BEGIN Supplied information
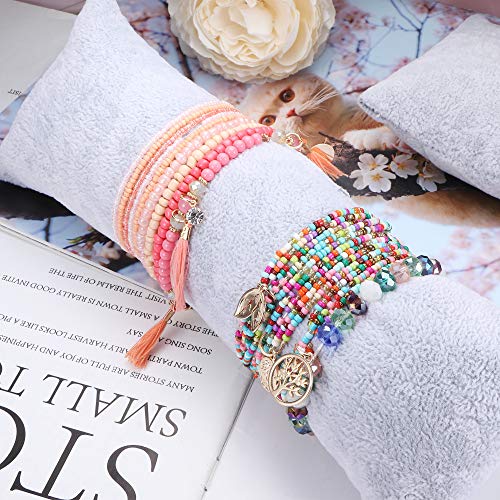 Udalyn 6 Sets Bohemian Stackable Bead Bracelets for Women Men Multilayered Bracelet Set Pendant Charm Stretch Bangles4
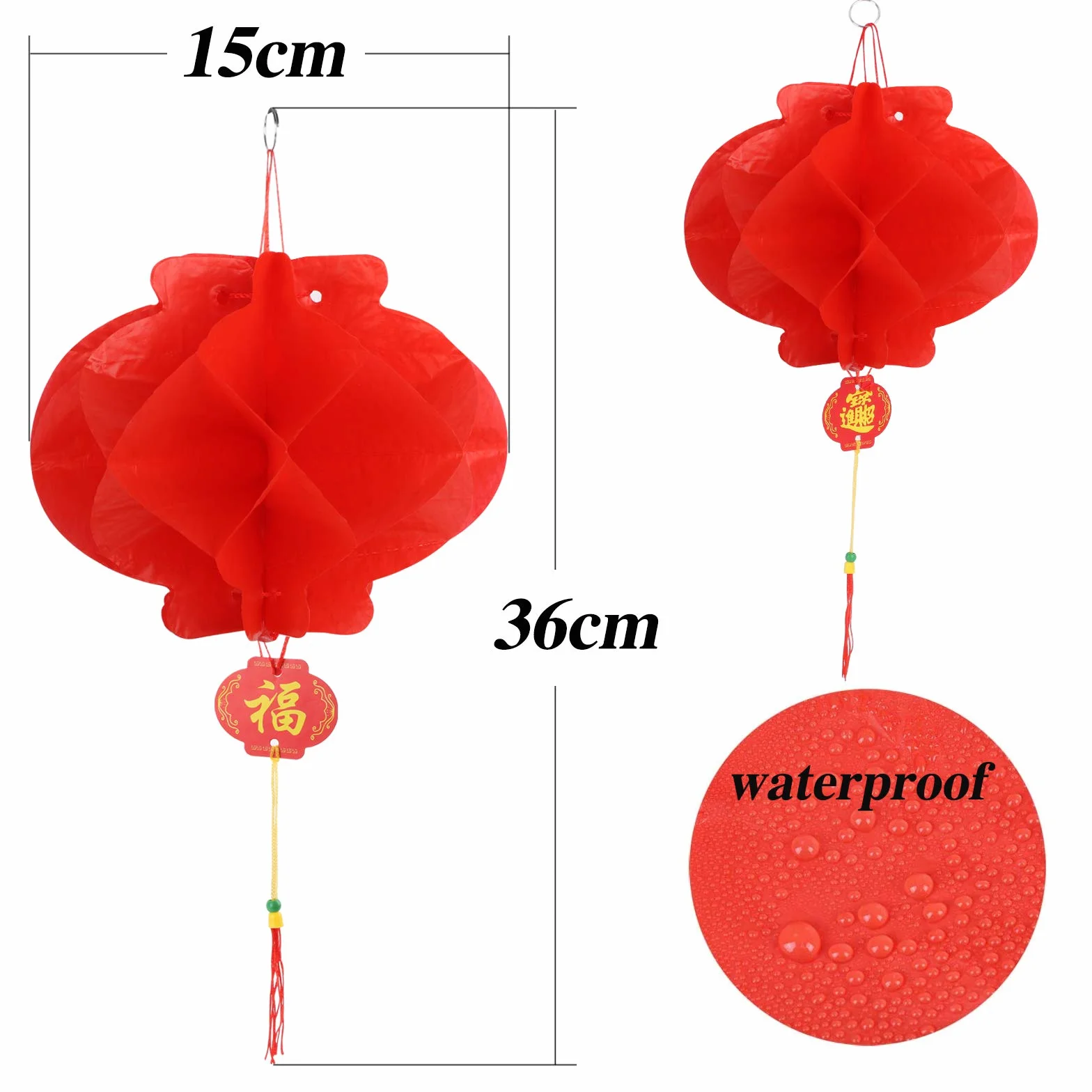 Lanterne Cinesi 15 cm Rosse Decorazione Festa Cinese 30 Pz
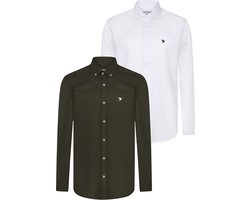 Felix Hardy 2 Pack - Multipack Overhemd - Overhemden - 97% Katoen Heren Wit-Donkergroen - Xl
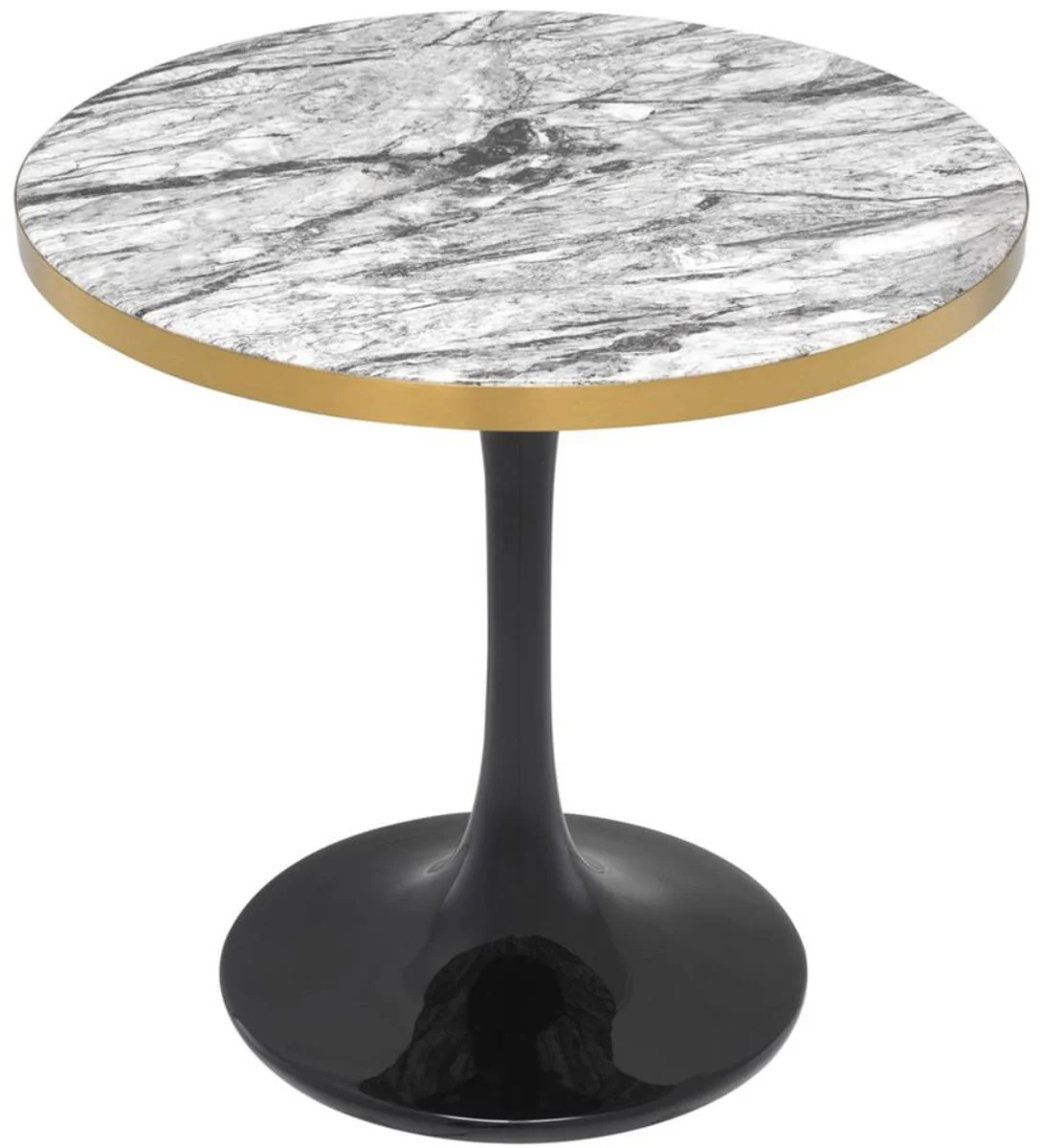 Luxury side table gray / brass / black Ø 55 x H. 52.5 cm - luxury furniture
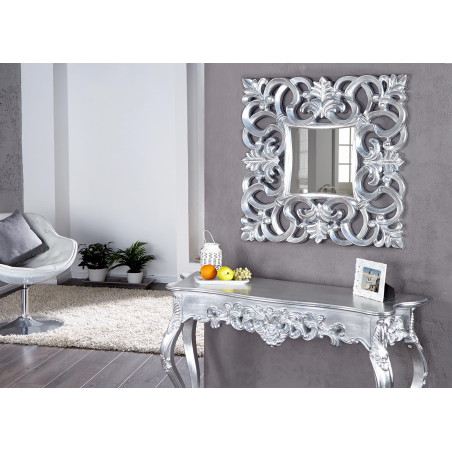 Miroir baroque carré argent antique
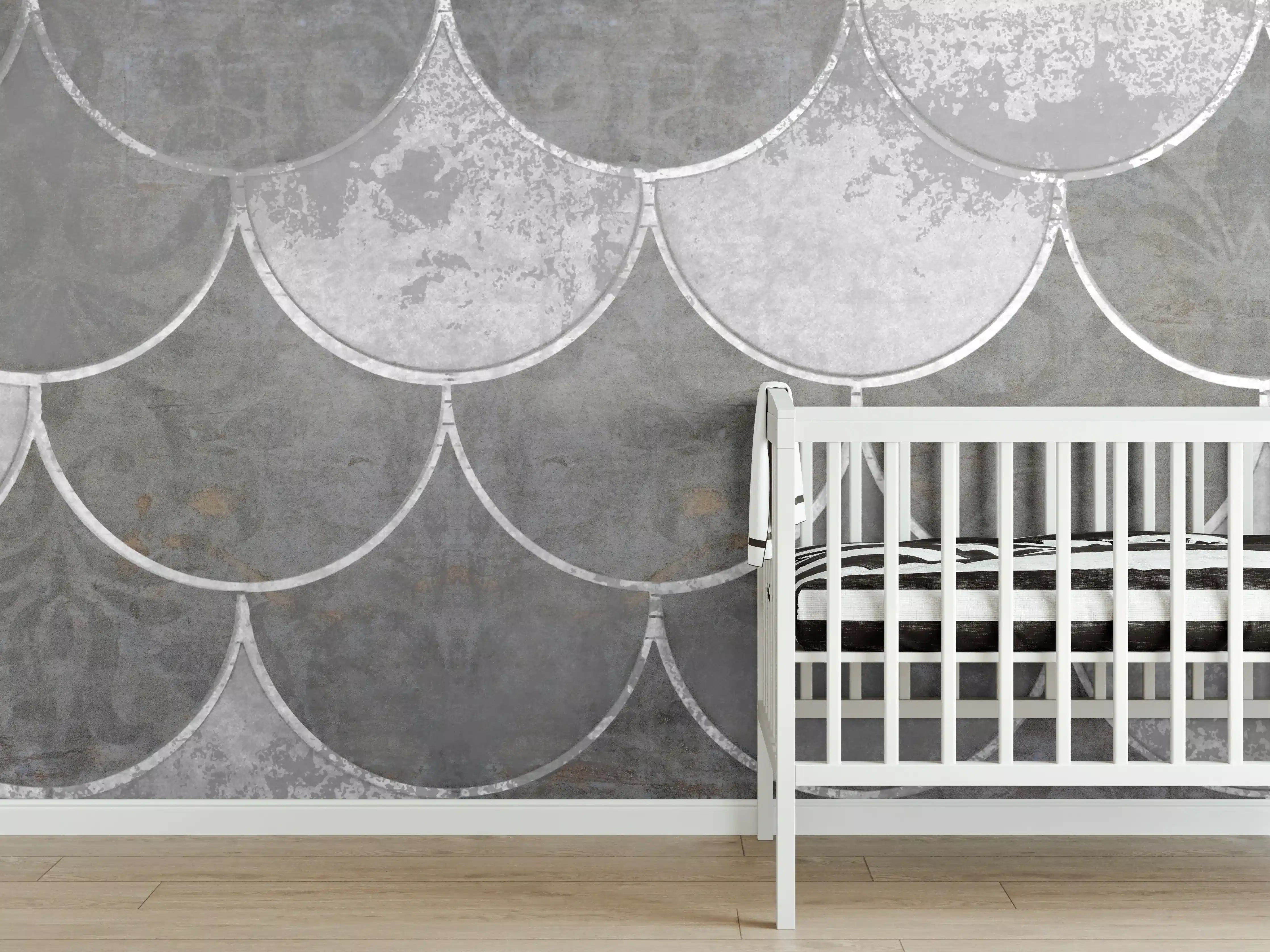 Babyzimmer Wandgestaltung - Graue Marmor-Textur Fliesen
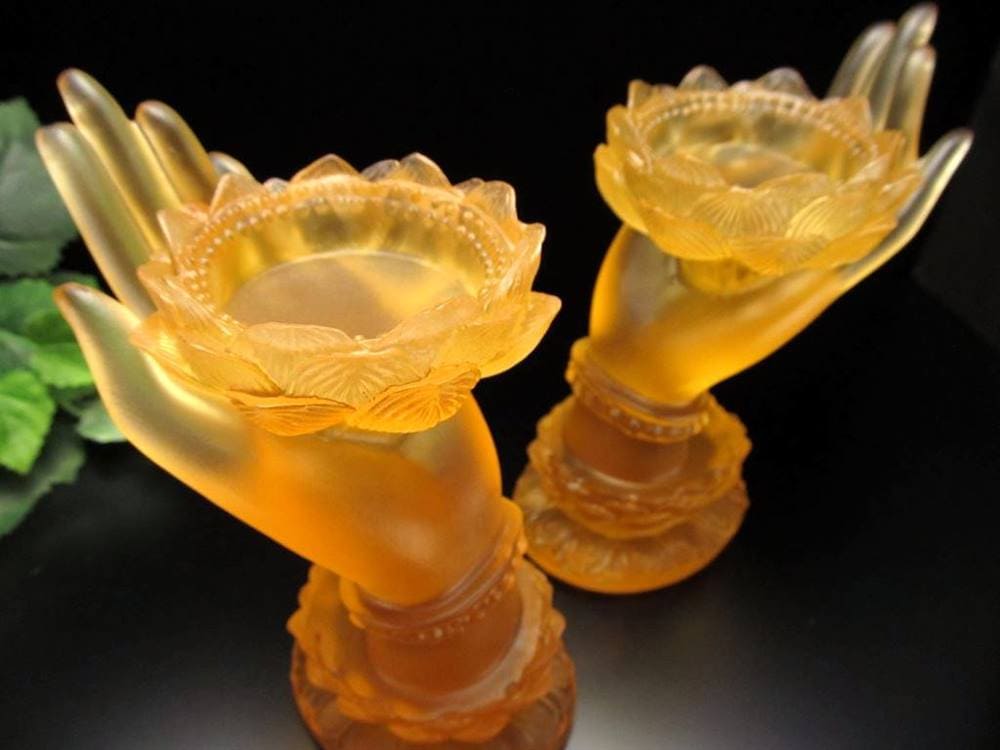 蓮華手 クリスタルガラス ロータス 置物 仏教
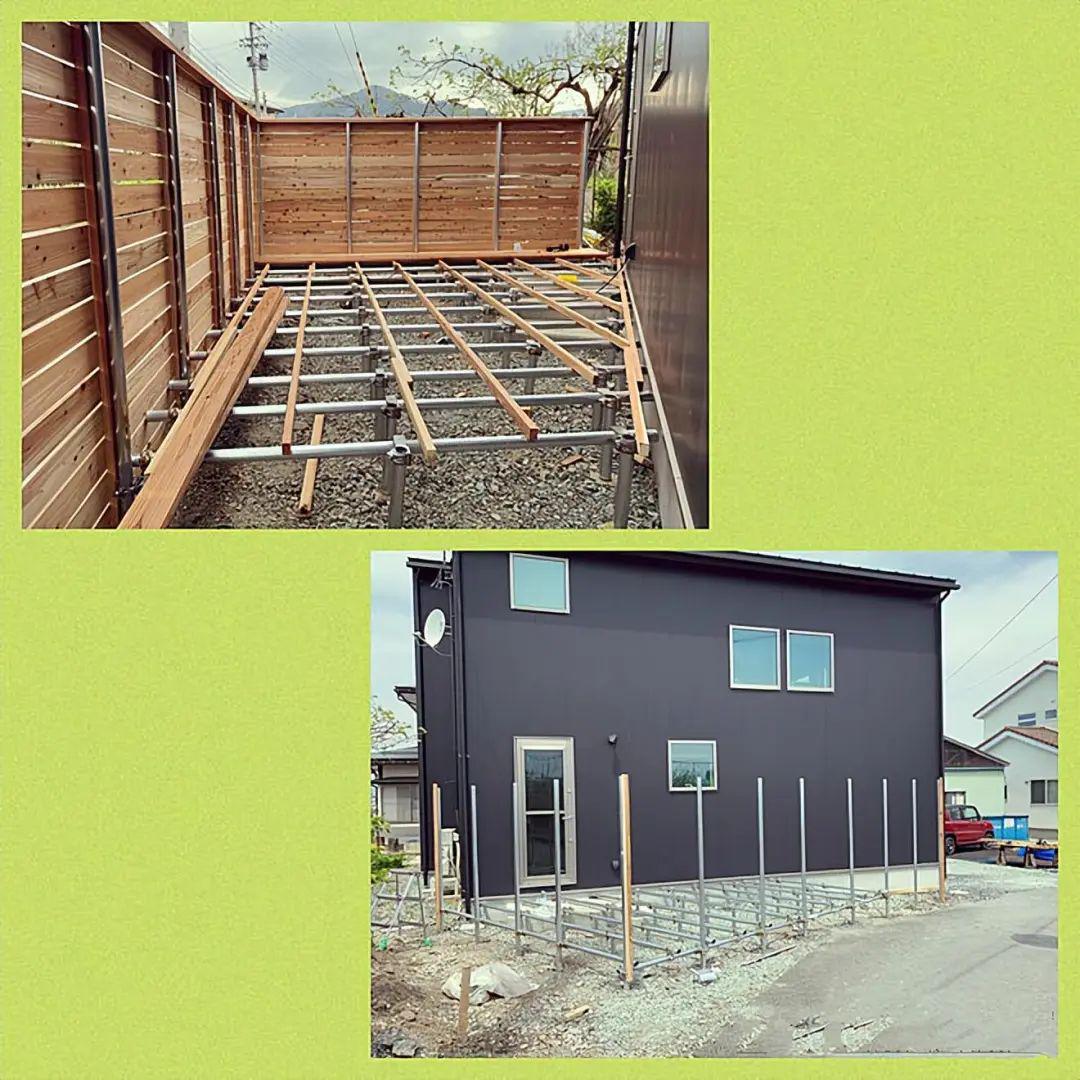 自建房门前铺甲板,插pvc管灌水泥,地基结实耐用,看着我都会了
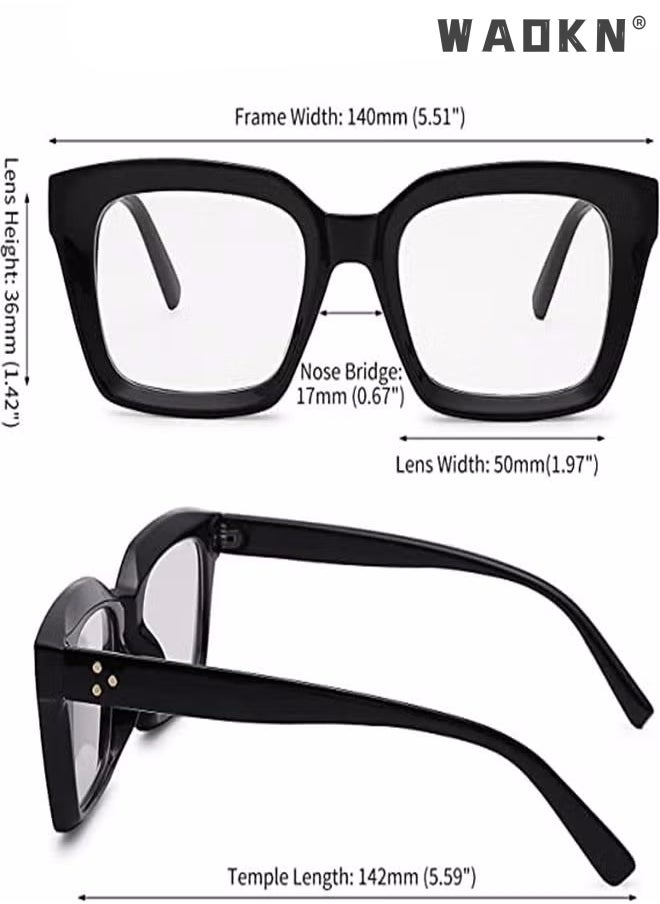 WAOKN Classic Non-prescription Clear Lens Eyeglasses for Women Men, 2Pcs Fashion Vintage Square Thick Frame Fake Eyeglasses, Anti-Blue Light Full Frame Retro Fashion Simple Frame Glasses for Travel Holiday  - Image 5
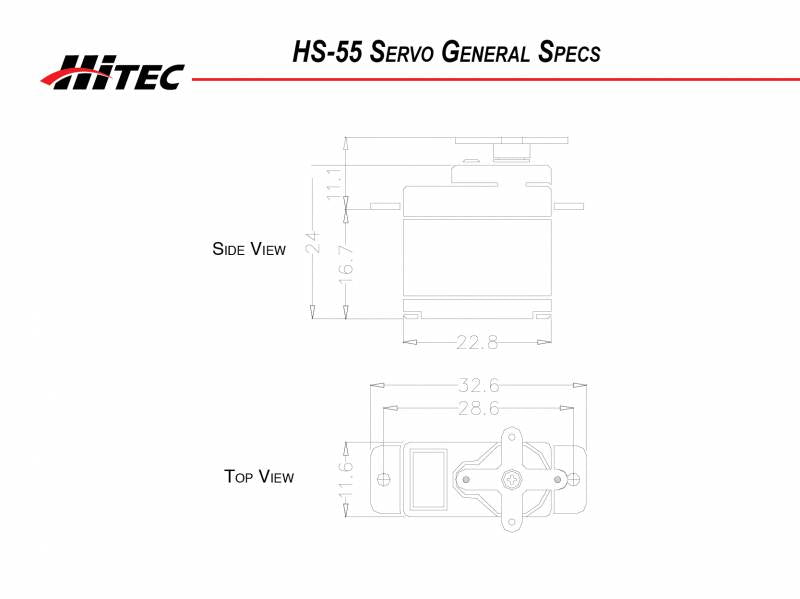 HS-55 Sub Micro Servo 14sec/18oz @ 6.0v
END Supplied information
▶ Aim of the exercise: Print all records verbatim, excluding pictures.

▶ Solution:
 Udalyn 6 Sets Bohemian Stackable Bead Bracelets for Women Men Multilayered Bracelet Set Pendant Charm Stretch Bangles4
 Lanterne Cinesi 15 cm Rosse Decorazione Festa Cinese 30 Pz
 Felix Hardy 2 Pack - Multipack Overhemd - Overhemden - 97% Katoen Heren Wit-Donkergroen - Xl
 Luxury side table gray / brass / black Ø 55 x H. 52.5 cm - luxury furniture
 Miroir baroque carré argent antique
 Babyzimmer Wandgestaltung - Graue Marmor-Textur Fliesen
 蓮華手 クリスタルガラス ロータス 置物 仏教
 自建房门前铺甲板,插pvc管灌水泥,地基结实耐用,看着我都会了
 WAOKN Classic Non-prescription Clear Lens Eyeglasses for Women Men, 2Pcs Fashion Vintage Square Thick Frame Fake Eyeglasses, Anti-Blue Light Full Frame Retro Fashion Simple Frame Glasses for Travel Holiday  - Image 5
 HS-55 Sub Micro Servo 14sec/18oz @ 6.0v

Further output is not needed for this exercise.